The controversial recycling crackdown was launched in Walsall just under a year ago. Almost 17,500 bins were left between May and August, according to new figures.
In the first four months of the zero-tolerance approach which was launched last November a total of 47,977 were not collected for being ‘contaminated’.
Despite the reduction an average of 1,900 bins a fortnight were still not picked up during the late spring and early summer period. Statistics for the two fortnights in August show 2,162 and 2,117 containers were not emptied respectively.
It comes as Walsall Council bosses have announced a shake-up of rubbish collections which will see some residents have their pick-up days changed from December.
It is the latest change to bin collections with the most controversial being the recycling crackdown which started on November 19. It saw officers, dubbed ‘binspectors’, start checking green bins for the wrong items. Those found to contain things such as food, nappies and household waste received a yellow sticker and were not emptied, sparking a flurry of complaints from angry residents.
The council said it had been forced to take a stand after a drop in the recycling rate, meaning more cash is being spent sending rubbish to landfill.

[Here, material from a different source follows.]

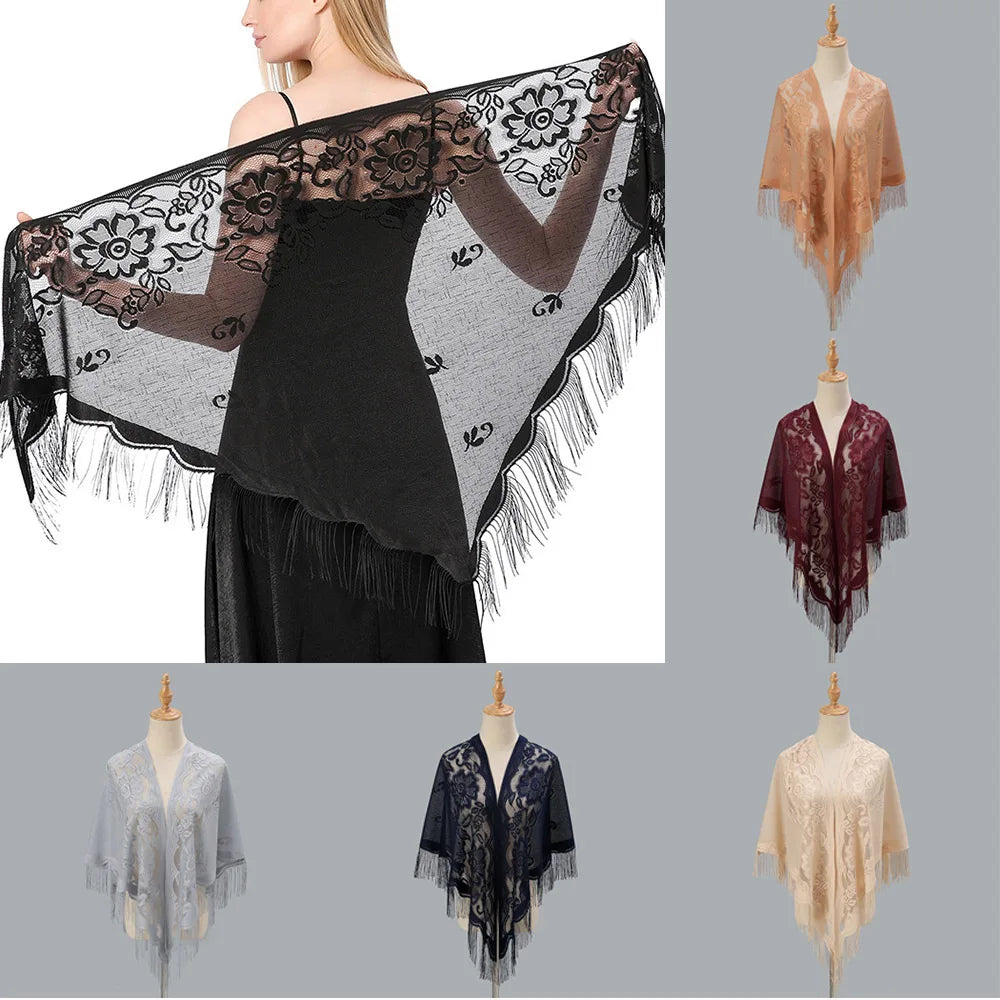Foulard triangulaire en dentelle pour femme, transparent, ajouré, respirant, longue frange, hijab musulman, couleur unie, robe de soirée, châle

The main offenders for contamination include black bags, general household waste, food waste, textiles, nappies and electrical goods.
A report from Mark Holden, head of clean and green services, to the council said: “Contamination levels, although reduced, continue to pose contractual concerns to the council. Income levels are temporarily reduced and costs increased.
“There is no impact to residents who use the service properly. Residents who continue to contaminate their recycling bins will risk not having their bin emptied.”